Disciplining Queer Activism

<20> Another way of approaching the question as to how an issue is politicised is to look at the relationship between the formations of the sorts of community political/activist organisations I have described above and the broader social frameworks that constitute the public sphere and governance and their deployment of techniques of regulation. To make such an approach, it is useful to turn to Foucault's concepts of disciplinarity and biopolitics, particularly in terms of the release of Foucault's lectures at the Collège de France (2004, 2007) which expand the understanding of biopolitics as a neo-liberal technology of power that normalises differently from discipline and presents a framework for discourse that takes as its object not individualisation but the regulation of broad populations. The argument here is that the conditions of possibility for the entry of a topic or issue into the public sphere for consideration socially, culturally or within broad governance regimes depends on the relationship between (1) the disciplinarity of organisations and institutions within the realm of activism and community politics, and (2) the political public sphere which is focused on regulation through various inclusions and exclusions of personages, types, categories, categorisations and the related issues.

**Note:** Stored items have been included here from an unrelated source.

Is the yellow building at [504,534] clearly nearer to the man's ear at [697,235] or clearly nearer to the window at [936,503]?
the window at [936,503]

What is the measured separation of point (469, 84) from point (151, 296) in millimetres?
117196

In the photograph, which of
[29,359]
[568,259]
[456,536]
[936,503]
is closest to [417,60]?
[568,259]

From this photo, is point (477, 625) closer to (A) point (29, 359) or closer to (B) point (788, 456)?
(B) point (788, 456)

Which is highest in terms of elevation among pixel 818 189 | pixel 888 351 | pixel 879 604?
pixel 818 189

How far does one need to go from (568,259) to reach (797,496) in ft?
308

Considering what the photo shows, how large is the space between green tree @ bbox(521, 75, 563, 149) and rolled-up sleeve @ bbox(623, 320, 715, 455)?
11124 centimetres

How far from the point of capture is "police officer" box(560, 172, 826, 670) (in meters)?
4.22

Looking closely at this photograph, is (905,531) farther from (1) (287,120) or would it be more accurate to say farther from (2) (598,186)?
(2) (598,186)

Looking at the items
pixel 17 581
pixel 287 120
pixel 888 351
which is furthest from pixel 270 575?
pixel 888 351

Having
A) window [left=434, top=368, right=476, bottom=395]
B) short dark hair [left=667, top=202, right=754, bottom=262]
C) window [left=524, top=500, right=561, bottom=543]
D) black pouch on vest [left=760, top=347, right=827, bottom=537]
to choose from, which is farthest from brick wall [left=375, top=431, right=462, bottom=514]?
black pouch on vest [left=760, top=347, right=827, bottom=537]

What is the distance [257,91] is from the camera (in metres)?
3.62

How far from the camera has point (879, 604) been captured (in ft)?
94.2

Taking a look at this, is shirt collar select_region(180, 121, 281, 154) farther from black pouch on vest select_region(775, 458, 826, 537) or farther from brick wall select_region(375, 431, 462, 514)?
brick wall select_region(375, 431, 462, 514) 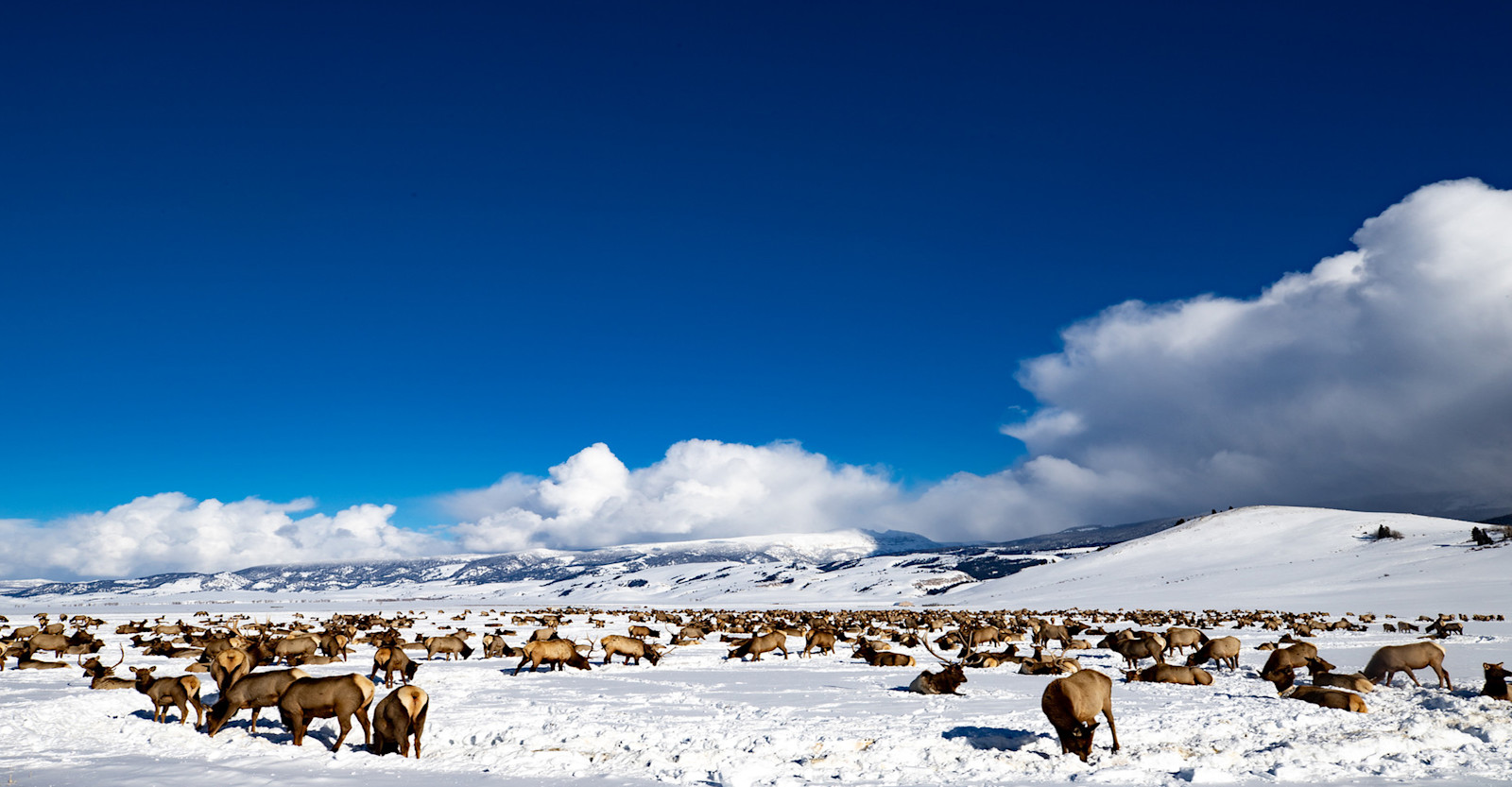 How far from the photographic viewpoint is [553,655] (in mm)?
19750

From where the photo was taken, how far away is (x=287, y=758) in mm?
9398

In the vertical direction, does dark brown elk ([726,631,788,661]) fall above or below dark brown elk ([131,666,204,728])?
below

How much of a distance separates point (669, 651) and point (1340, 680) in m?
17.3

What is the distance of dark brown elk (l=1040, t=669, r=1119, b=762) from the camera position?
29.1ft

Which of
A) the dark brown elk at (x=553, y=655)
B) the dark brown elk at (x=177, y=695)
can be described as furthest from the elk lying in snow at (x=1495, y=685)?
the dark brown elk at (x=177, y=695)

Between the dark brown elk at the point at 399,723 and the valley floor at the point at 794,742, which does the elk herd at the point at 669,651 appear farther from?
the valley floor at the point at 794,742

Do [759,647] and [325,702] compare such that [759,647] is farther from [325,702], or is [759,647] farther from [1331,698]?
[325,702]

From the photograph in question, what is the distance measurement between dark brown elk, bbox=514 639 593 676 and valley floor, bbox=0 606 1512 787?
4292 millimetres

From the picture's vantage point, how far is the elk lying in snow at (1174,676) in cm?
1580

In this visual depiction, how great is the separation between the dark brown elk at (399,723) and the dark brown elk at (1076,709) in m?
7.28

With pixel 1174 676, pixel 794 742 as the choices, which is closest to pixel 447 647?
pixel 794 742

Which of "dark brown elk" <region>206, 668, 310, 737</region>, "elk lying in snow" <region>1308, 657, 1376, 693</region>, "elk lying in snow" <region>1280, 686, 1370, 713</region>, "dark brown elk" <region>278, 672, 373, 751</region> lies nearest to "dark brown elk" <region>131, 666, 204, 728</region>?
"dark brown elk" <region>206, 668, 310, 737</region>

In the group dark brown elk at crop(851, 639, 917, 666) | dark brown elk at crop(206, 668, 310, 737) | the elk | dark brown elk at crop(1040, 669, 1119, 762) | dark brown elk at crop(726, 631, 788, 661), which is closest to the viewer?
dark brown elk at crop(1040, 669, 1119, 762)

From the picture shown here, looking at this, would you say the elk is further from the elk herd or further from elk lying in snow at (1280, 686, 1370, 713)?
elk lying in snow at (1280, 686, 1370, 713) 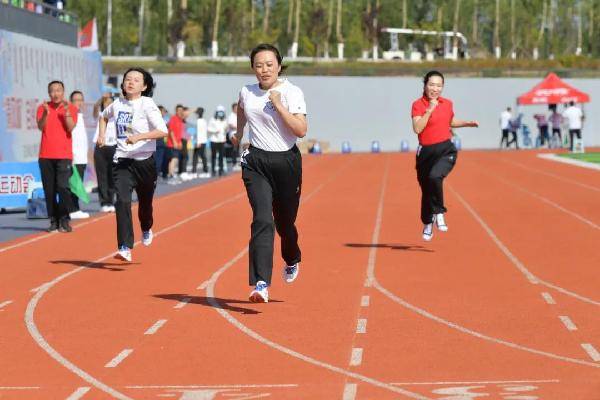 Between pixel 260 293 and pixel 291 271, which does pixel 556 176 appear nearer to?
pixel 291 271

<21> It would, of course, be both unhelpful and reductive to view activist organisations and their deployment of disciplinarity as a 'micro' politics within biopolitical governance of populations, regulatory exclusion and the political space for public debate on topical worthiness as the site of the 'macro' (Collier 2009: 83), for the relationship between the two is fundamentally more complex and interwoven, resulting from the emergence of these two technologies of power at different historical stages: discipline in the late seventeenth century, focusing on the body, its productivity, docility (Foucault 2004: 241-242), and biopolitics in the second half of the eighteenth century, regulating and normalising populations and races, a strategic coordination of power relations focusing on the political and economic issues related to populations (Foucault 2004: 243) and the preservation of the 'nation' (Foucault 2004: 223), which of course requires a boundary and a set of determinants as to which lives will be included and excluded from participation in that sociality. However, as a context for analysing what makes a political activism successful and what conditions are necessary for a political issue to be put into circulation from a sub-cultural community to a wider social group, it is useful to consider how a political or activist organisation operating at one level can be deemed 'acceptable' to the broader social and governance systems of regulation and inclusion if its disciplinary tactics are in the service of the biopolitical regime.

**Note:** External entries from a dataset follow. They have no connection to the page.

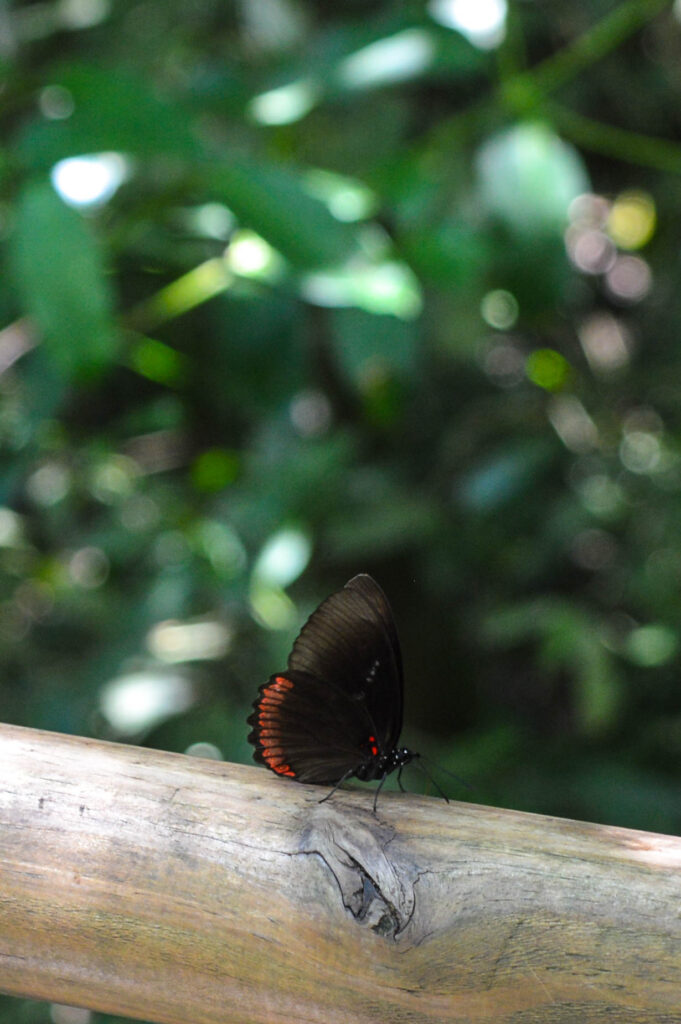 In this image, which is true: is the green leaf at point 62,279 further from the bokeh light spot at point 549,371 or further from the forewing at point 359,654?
the bokeh light spot at point 549,371

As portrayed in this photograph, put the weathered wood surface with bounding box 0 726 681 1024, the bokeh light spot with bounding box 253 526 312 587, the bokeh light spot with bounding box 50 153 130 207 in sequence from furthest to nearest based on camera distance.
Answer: the bokeh light spot with bounding box 253 526 312 587 < the bokeh light spot with bounding box 50 153 130 207 < the weathered wood surface with bounding box 0 726 681 1024

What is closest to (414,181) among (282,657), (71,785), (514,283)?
(514,283)

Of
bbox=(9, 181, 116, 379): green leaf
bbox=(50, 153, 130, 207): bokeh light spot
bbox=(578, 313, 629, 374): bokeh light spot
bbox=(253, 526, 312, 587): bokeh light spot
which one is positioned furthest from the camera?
bbox=(578, 313, 629, 374): bokeh light spot

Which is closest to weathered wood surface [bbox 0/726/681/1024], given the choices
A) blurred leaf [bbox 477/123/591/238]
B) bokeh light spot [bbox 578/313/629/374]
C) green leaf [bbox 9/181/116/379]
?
green leaf [bbox 9/181/116/379]

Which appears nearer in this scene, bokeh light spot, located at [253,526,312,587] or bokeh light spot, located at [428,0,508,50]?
bokeh light spot, located at [253,526,312,587]

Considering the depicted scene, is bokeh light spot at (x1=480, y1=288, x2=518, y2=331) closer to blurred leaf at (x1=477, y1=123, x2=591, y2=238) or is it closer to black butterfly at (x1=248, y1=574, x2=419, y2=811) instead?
blurred leaf at (x1=477, y1=123, x2=591, y2=238)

<22> I will start with disciplinarity and queer activist/political lobbying. One can argue that the dominant queer activist and political organisations—those that utilise lobbying and the 'piece of the pie' neo-conservative approach to goal-setting and activity—deploy the four goals of disciplinary power: "selection, normalization, hierarchicalization, and centralization" (Foucault 2004: 181), the individualisation, regimentation and normalisation with constitutes the fixed, coherent and recognisable subject. As nodes of representation (in the spotlight through lobbying both legislature and executive, as having the organisational processes to maintain themselves and a public profile, to be the 'go-to' groups commentary and opinion for broad mainstream and community media) the neo-conservative queer lobbying organisations are more than just sub-cultural community institutions, but play a significant disciplinary role in the generation of the normative and disciplined lesbian and gay subject: Firstly, because they provide the normative codes by which lesbian/gay performativity is authorised and articulable. And secondly, because the legitimated journalistic rhetoric permits the circulation of symbols which, in Ben Anderson’s formulation, allows ‘community’ to establish and police its borders (Anderson 1983). Through the dissemination of symbols and norms (Cohen 1985: 76), they imagine a queer activism into being, but one which is restricted and, to appear coherent, represents particular subjects, subjectivities, identities, issues, processes, and goals. Discipline is thus a technology of power in the service of broader neo-liberal sociality that, as Butler has very neatly phrased, underpins "the constitutive force of exclusion, erasure, violent foreclosure, abjection and its disruptive return within the very terms of discursive legitimacy” (Butler 1993: 8).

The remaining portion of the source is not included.